**Task instructions**
Once you find a line containing the word "Winter" in the entries below, copy it.

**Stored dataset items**
····················

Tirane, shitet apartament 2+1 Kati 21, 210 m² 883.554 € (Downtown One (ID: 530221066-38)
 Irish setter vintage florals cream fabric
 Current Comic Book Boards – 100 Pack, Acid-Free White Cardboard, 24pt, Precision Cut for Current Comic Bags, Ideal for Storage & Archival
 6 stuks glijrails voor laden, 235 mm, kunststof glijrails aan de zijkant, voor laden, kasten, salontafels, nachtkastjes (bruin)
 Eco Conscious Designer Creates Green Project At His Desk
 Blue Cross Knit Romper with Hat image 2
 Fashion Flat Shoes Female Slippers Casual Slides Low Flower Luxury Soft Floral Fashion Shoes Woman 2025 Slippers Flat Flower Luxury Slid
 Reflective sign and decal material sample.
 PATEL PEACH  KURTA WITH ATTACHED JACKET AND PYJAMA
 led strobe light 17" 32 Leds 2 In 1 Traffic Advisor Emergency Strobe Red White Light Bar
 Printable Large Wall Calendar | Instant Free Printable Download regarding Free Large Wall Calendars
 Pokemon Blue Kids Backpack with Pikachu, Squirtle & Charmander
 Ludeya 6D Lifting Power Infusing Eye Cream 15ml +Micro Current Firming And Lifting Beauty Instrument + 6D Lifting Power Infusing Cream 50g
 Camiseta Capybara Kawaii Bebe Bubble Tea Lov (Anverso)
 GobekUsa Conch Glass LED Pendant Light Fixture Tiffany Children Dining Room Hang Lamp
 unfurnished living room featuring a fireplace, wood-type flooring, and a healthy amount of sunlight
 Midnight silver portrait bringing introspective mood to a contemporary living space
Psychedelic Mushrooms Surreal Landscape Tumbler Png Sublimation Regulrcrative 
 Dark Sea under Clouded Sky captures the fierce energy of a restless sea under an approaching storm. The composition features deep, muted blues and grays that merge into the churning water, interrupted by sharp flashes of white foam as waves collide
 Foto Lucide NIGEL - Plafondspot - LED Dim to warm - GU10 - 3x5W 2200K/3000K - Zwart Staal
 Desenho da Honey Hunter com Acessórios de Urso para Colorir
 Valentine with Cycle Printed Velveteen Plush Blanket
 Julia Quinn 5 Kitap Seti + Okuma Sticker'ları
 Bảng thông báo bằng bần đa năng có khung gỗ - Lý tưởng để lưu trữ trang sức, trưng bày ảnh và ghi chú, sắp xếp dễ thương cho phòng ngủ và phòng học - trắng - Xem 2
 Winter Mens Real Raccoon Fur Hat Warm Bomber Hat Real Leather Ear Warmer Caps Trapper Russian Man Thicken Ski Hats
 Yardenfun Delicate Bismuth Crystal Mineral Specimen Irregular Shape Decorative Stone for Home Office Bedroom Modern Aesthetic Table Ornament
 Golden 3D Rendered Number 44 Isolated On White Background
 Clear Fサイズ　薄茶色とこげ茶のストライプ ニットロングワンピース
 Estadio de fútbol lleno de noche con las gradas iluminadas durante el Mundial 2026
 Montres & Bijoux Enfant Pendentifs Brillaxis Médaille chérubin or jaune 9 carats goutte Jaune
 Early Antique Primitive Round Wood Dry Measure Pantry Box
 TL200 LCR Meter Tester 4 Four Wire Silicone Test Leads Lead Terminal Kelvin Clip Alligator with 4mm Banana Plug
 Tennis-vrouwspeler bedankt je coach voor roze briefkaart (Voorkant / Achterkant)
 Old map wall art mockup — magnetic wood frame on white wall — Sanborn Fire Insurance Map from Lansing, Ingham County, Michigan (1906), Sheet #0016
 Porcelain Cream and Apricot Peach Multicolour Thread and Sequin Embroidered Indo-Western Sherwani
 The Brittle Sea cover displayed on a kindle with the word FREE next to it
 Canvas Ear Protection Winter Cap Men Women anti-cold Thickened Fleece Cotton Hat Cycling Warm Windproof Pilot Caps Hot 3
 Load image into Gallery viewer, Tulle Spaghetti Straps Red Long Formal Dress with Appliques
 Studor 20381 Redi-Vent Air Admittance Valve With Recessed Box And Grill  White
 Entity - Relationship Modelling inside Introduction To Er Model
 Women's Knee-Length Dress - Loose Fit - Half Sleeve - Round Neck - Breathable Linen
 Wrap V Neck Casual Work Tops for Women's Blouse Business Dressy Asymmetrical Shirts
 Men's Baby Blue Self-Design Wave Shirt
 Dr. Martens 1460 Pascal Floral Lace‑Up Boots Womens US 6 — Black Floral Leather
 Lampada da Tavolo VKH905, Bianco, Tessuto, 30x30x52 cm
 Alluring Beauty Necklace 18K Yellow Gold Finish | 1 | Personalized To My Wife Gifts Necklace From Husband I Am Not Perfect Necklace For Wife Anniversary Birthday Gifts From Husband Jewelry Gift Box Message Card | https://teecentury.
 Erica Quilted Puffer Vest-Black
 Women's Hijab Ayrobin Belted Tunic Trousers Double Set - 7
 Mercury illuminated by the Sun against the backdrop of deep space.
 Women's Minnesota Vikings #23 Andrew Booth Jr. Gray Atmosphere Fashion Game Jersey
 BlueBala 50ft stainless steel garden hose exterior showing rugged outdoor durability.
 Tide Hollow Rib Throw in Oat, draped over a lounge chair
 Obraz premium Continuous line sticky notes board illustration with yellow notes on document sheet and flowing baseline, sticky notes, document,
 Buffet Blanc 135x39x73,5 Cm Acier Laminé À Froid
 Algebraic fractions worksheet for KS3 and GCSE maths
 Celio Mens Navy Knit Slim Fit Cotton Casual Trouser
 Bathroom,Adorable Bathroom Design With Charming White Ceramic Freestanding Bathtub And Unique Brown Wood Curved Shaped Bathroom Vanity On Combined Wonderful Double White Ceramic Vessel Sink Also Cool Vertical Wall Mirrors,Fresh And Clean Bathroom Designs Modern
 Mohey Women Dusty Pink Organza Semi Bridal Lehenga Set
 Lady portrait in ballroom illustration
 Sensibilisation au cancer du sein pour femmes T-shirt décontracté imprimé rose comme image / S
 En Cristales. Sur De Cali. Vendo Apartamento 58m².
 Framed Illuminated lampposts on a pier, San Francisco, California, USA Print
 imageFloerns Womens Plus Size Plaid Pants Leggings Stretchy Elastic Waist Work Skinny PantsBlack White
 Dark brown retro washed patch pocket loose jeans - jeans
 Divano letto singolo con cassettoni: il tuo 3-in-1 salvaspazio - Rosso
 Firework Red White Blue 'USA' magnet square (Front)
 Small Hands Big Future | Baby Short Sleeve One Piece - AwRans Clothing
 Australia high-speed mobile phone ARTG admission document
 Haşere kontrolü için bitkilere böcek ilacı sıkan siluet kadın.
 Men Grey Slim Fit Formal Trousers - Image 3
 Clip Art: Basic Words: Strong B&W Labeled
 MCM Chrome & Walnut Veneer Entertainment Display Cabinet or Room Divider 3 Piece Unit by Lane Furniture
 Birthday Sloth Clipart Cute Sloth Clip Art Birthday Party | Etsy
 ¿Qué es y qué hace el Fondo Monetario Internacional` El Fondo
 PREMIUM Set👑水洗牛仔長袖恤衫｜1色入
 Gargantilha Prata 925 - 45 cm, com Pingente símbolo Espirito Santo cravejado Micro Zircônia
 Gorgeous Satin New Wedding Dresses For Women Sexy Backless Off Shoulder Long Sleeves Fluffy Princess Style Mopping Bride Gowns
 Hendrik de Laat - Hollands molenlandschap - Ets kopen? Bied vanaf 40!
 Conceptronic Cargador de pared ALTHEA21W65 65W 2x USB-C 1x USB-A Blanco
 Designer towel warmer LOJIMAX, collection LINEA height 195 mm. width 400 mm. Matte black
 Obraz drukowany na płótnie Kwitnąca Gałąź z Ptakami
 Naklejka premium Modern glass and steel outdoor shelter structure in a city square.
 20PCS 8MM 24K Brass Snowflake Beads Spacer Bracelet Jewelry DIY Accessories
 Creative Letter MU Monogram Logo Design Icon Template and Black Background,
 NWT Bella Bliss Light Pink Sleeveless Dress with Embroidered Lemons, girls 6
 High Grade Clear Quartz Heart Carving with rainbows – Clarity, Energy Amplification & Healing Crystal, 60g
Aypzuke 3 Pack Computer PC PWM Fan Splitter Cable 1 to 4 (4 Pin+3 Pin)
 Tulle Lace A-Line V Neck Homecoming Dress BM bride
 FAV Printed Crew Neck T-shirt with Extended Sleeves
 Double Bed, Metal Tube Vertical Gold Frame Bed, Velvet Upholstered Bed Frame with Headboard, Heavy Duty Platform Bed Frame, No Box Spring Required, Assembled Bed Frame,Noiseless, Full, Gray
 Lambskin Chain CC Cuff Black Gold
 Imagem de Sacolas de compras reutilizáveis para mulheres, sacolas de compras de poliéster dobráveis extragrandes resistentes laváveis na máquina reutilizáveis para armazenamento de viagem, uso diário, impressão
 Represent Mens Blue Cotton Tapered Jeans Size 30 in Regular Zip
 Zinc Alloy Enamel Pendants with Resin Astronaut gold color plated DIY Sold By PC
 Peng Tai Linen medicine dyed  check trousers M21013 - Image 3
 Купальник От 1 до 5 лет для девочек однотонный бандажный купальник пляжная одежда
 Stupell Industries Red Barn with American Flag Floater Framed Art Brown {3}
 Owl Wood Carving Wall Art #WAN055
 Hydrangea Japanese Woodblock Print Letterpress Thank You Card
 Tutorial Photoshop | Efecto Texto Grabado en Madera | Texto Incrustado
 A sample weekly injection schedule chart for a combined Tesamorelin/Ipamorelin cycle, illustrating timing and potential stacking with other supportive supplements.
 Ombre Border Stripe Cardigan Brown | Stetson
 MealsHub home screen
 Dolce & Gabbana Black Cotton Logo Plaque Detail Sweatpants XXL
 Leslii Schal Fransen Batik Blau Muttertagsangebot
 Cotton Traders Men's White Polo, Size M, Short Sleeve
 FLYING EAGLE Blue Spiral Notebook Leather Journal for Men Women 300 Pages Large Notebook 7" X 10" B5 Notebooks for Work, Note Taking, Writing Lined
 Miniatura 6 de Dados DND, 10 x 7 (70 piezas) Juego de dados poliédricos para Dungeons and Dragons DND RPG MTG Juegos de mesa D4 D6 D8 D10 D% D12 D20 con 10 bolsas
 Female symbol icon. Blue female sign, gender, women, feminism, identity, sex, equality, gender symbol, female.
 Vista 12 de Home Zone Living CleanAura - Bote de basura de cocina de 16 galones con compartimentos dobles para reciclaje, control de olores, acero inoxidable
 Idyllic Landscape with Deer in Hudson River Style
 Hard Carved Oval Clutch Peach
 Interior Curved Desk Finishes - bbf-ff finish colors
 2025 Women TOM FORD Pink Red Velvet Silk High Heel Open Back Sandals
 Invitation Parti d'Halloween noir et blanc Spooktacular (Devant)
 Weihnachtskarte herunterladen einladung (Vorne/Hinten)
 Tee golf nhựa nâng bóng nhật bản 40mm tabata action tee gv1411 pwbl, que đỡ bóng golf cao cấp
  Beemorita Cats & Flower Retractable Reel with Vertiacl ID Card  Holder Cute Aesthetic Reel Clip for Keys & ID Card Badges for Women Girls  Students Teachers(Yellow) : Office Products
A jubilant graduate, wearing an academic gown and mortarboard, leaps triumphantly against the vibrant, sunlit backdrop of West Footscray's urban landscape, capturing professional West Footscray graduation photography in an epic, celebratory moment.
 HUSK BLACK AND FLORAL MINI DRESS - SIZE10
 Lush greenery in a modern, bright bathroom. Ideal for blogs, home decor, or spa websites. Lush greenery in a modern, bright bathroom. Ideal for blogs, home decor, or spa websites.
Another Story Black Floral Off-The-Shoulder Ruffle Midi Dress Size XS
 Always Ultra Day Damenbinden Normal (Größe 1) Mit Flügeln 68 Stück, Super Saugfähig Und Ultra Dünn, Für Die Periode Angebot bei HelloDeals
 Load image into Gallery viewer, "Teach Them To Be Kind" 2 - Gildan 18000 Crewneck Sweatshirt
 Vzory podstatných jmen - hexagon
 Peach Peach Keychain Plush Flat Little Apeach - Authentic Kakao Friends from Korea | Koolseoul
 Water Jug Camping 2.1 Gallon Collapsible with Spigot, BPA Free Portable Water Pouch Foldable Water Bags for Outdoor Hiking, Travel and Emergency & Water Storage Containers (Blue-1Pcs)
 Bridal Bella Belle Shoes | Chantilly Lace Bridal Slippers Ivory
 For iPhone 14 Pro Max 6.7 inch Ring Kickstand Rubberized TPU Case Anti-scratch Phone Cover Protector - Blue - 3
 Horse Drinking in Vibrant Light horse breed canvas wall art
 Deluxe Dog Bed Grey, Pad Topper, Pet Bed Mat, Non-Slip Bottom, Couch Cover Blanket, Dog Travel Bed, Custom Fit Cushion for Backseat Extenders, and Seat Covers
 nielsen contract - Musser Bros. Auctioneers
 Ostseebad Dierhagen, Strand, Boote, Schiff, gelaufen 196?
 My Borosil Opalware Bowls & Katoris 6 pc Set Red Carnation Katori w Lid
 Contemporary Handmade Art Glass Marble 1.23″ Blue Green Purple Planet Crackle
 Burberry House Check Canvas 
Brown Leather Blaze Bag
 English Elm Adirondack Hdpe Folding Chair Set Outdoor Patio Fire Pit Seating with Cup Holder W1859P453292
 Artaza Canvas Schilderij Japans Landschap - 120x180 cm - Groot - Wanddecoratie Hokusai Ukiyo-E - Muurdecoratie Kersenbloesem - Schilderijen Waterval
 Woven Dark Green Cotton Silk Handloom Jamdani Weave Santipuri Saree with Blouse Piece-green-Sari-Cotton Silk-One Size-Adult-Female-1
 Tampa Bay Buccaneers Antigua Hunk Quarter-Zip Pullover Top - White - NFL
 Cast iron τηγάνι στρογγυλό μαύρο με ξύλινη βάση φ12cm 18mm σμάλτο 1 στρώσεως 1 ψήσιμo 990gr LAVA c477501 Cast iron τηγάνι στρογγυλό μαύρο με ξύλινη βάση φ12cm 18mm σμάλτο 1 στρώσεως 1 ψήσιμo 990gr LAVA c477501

····················

**Expected output**
 Winter Mens Real Raccoon Fur Hat Warm Bomber Hat Real Leather Ear Warmer Caps Trapper Russian Man Thicken Ski Hats
 Canvas Ear Protection Winter Cap Men Women anti-cold Thickened Fleece Cotton Hat Cycling Warm Windproof Pilot Caps Hot 3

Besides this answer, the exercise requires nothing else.